Por outro lado, recentemente, fomos procurados por uma grande marca que queria envelopar os nossos bondes. Nós agradecemos muito. Era algo muito atrativo financeiramente, mas em hipótese alguma podemos colocar em xeque a percepção dos visitantes para a vista. Então, recusamos.
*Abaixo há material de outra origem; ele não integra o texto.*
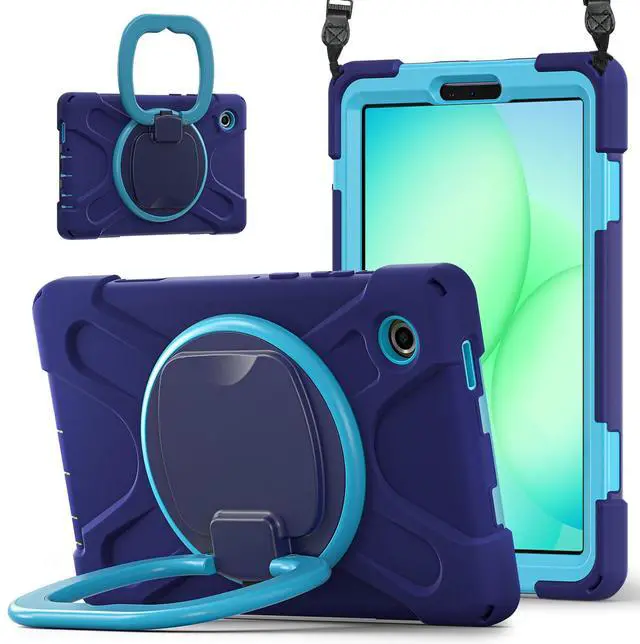 Main image of WERLEO Protective Case for Samsung Galaxy Tab A11 8.7 inch 2025 SM-X130 X133 X135 Shockporoof Cover with Pencil Holder Rotating Hand Strap & Stand Shoulder Strap, blue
Está acompanhando o debate sobre a volta do horário de verão? É um pleito do setor de turismo. Isso realmente ajudaria? Sim. O horário de verão realmente impacta positivamente os resultados do setor turístico como um todo. As pessoas podem ficar muito mais tempo ao ar livre, na praia.

Como a crise energética os ameaça? Quando Cristóvão Leite de Castro decidiu fazer a troca do sistema teleférico, passando para a segunda geração de bondinho, ele tinha opção de fazer por combustível fóssil ou energia elétrica. E já naquela época decidiu por energia elétrica. E agora, em outubro, demos mais um passo, indo para o mercado livre. Nosso consumo é até baixo, mas nós conseguimos atingir.

Geramos energia e jogamos na rede quando o bonde desce mais pesado. No final do dia, quando mais pessoas estão descendo, geramos energia e colocamos na rede.

Muita gente confunde e se surpreende ao saber que vocês são uma empresa privada? Provavelmente. Nós somos umas das empresas mais antigas do Rio de Janeiro. Uma empresa privada, de capital fechado, auditada, com processos e controles e acionistas. Funcionamos ininterruptamente 365 dias no ano.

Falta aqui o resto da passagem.